Nick Ward

Personal information
- Date of birth: 30 November 1977 (age 48)
- Place of birth: Wrexham, Wales
- Position: Midfield

Senior career*
- Years: Team / Apps / (Gls)
- 1996–1998: Shrewsbury Town / 19 / (1)
- 1997: → Telford United (loan) / 2 / (0)
- 1998–2000: Newtown / ? / (?)
- 2000–2007: The New Saints / 190 / (69)
- 2007–2008: Welling United / 5 / (0)
- 2008–2009: NEWI Cefn Druids / 6 / (4)
- 2009–2010: Newtown / 26 / (5)
- 2010–2011: Bangor City / 34 / (3)
- 2011–2012: The New Saints / 18 / (3)
- 2012–2013: Newtown
- 2013: Conwy Borough
- 2013: Airbus UK Broughton
- 2013–2014: Cefn Druids

Managerial career
- 2014: Penycae (Assistant Manager)
- 2014–: Penycae

= Nick Ward (footballer, born 1977) =

Welsh footballer

Nicholas Ward (born 30 November 1977 in Wrexham, Wales), is a retired footballer who played as a forward for Shrewsbury Town in The Football League. He played in the Welsh Premier League for a number of team - where he spent most of his career. After retiring as a player he moved into management and is currently manager of Penycae.

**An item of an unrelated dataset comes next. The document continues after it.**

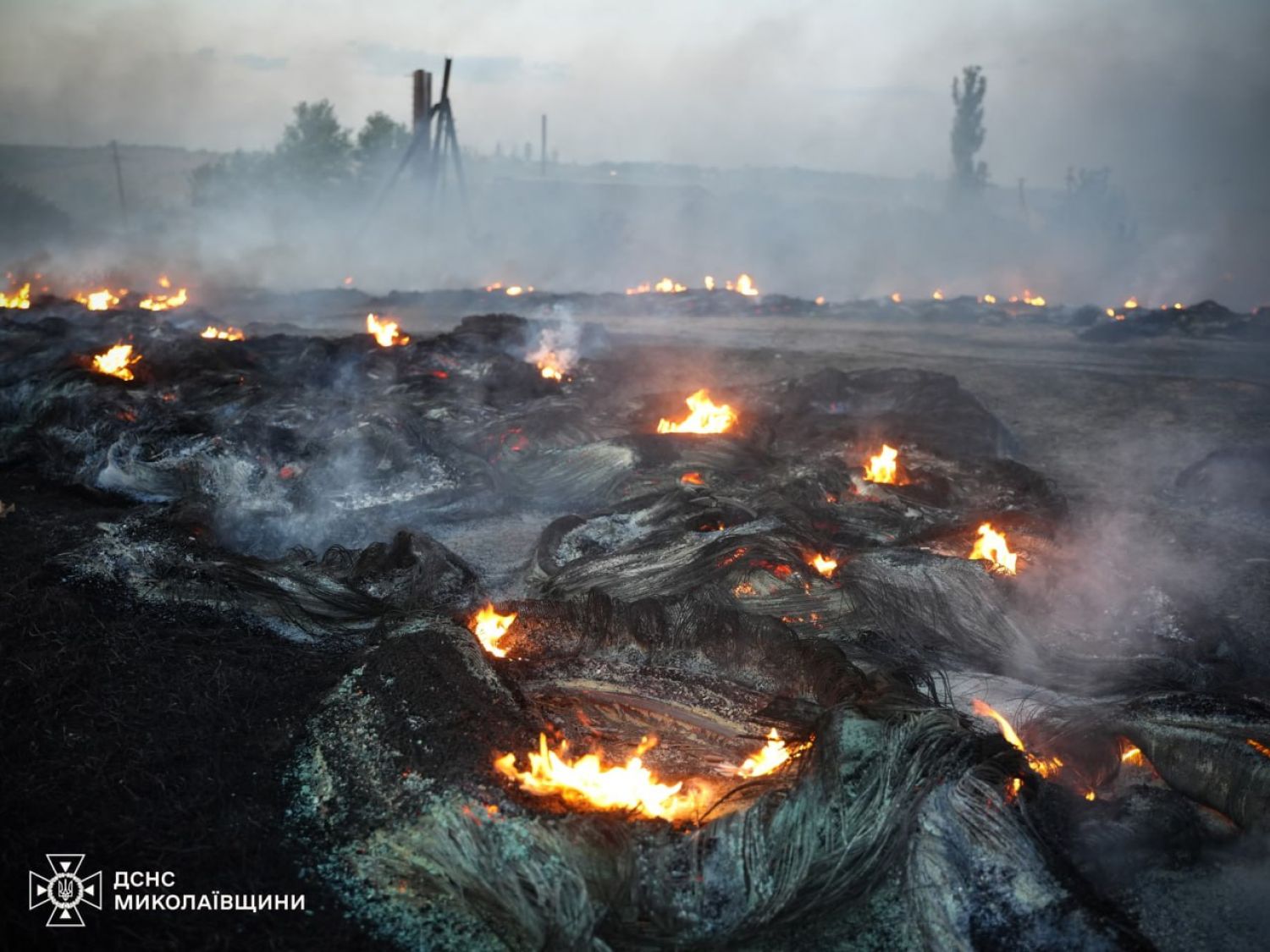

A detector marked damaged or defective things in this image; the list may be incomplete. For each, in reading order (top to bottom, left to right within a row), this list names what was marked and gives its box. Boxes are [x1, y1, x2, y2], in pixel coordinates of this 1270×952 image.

He made his debut for the Shrews on 15 October 1996 in the Second Division 2–1 defeat to Gillingham at Gay Meadow. He came on as a second-half substitute for Richard Scott.

In June 2011 he rejoined The New Saints signing a new contract with the club in May 2012.

On deadline day – 31 August 2012, he left TNS re-signing with his former club Newtown, for a third time.

In October 2013 he joined former club Cefn Druids.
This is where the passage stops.